# Where do you get the nylon hair / mylar and stuff to build bucktails for a dredge



## SailFishQUepos (Mar 18, 2010)

I'm using a ton of dredges and I was thinking instead of buying the dredges pre made, if I could find the hair and the heads I could just tie my own. Is there a website where they sell the supplies?

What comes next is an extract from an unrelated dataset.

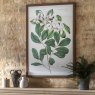 Gallery Direct Foliage and Blooms - Framed Art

Here's a picture of the bucktail dredge and the bucktail.


----------



## Ocean Master (May 20, 2008)

Try any of the lure building supply websites.


----------



## compulsivehp (May 18, 2010)

I have bought from hedroninc.com and barlowstackle.com. Hedron is in S FL and get here pretty quick.


----------



## SeaBit (Jan 22, 2008)

We used Christmas tinsel, (not the shiny aluminum kind....the plastic kind that looks exactly like the stuff in your pics). Also, we bought all our jig hair from Fishair Enterprises. It's really good stuff.


----------



## timeflies (Oct 3, 2007)

that is flashabou in the picture


----------



## bit wright (Feb 27, 2013)

I buy all my stuff from this company: www.do-itmolds.com 
They have just about everything you will want for doing that kind of work.


----------



## Buckyt (Oct 1, 2007)

Jann's netcraft probably has this. I have used Christmas tinsel and it lost it's shine pretty quick but it did catch fish.


----------